As students and scholars of rhetoric, we understand that others’ conceptions of what is good or true are influenced by their beliefs and values. But how can we apply this understanding? How can we use our rhetorical knowledge to more effectively traverse difficult conversations, like those happening on our campus and in our city during this contentious election season?
In a talk sponsored by the Department of Writing, Rhetoric, and Discourse, given on Friday, October 7, Professor Krista Ratcliffe of Purdue suggested rhetorical listening as a teachable tactic to help students—and everyone—learn how to listen to and participate in conversations across difference.

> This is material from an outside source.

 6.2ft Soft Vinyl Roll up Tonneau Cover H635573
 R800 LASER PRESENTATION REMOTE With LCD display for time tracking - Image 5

Rhetorical listening, argued Ratcliffe in her talk, promotes our capacity to look “beyond our own sense of what’s going on.” To truly grasp what a person says, we must consider not only the words that they’ve spoken, but the cultures, values, attitudes, and actions that shape our understanding of these words. Ratcliffe offered a way to consider this variation by discussing words as tropes. Our conversations are complicated by tropes, especially those related to race, gender, religion, and other identity markers. And tropes contribute to the gap between a speaker’s intent and the effect of their words: when we don’t account for a word’s associated beliefs, its effect in conversation will likely not align with the intent.
One answer to this problem is to practice rhetorical listening. As a teacher-rhetorician, Ratcliffe deftly unpacked the steps involved in rhetorical listening, engaging her audience along the way. She used the example of Black Lives Matter, showing how the word “race” operates as a trope and how different attitudes toward the phrase “Black Lives Matter” and its associated movement are consistent within different cultural logics.
Ratcliffe encouraged the audience at her talk to use rhetorical listening to “figure out how we’re socialized to think and act via language” and to apply this knowledge to our pedagogies, classroom discussions, and our engagement with others. We can do this by keeping in mind a key takeaway: if we learn strategies for listening, much as we learn strategies for writing, we should be able to more easily navigate conversations with people who don’t share our views.
As WRD’s first contribution to the President’s Speaker Series on Race and Free Speech, Krista Ratcliffe was wonderful. She gave an accessible talk to a packed room, answered audience questions for nearly forty minutes, and gave the teachers, students, and other members of the DePaul community an accessible method for the very complex task of listening to, and ideally speaking with, those people with whom we might initially disagree.